Recorded information:
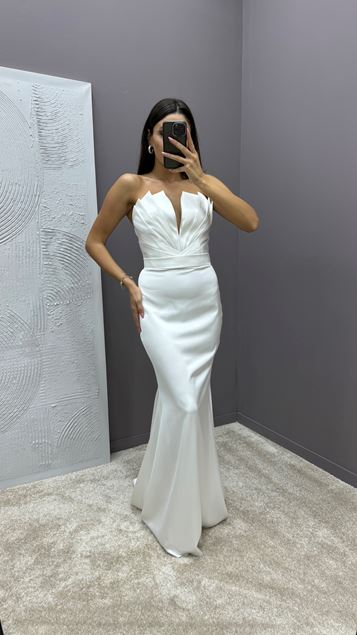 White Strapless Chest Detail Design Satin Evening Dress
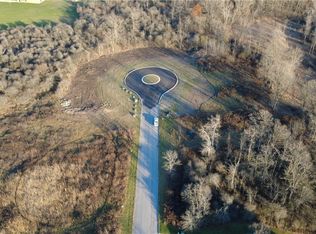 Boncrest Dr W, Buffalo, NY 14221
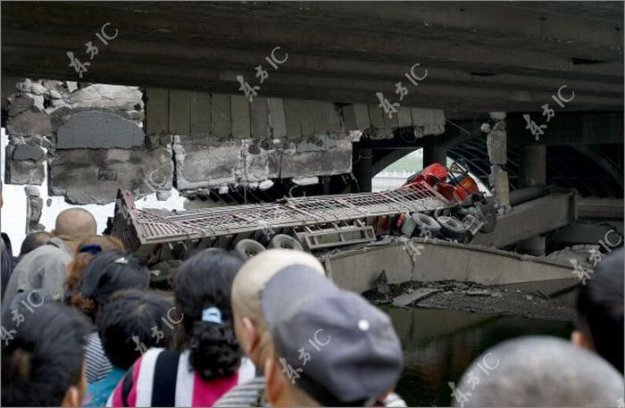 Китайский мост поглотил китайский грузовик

Activity:
With pictures omitted, reproduce exactly the lines from the line containing "Boncrest Dr W, Buffalo, NY 14221" through the end of the data above.

Finished task:
 Boncrest Dr W, Buffalo, NY 14221
 Китайский мост поглотил китайский грузовик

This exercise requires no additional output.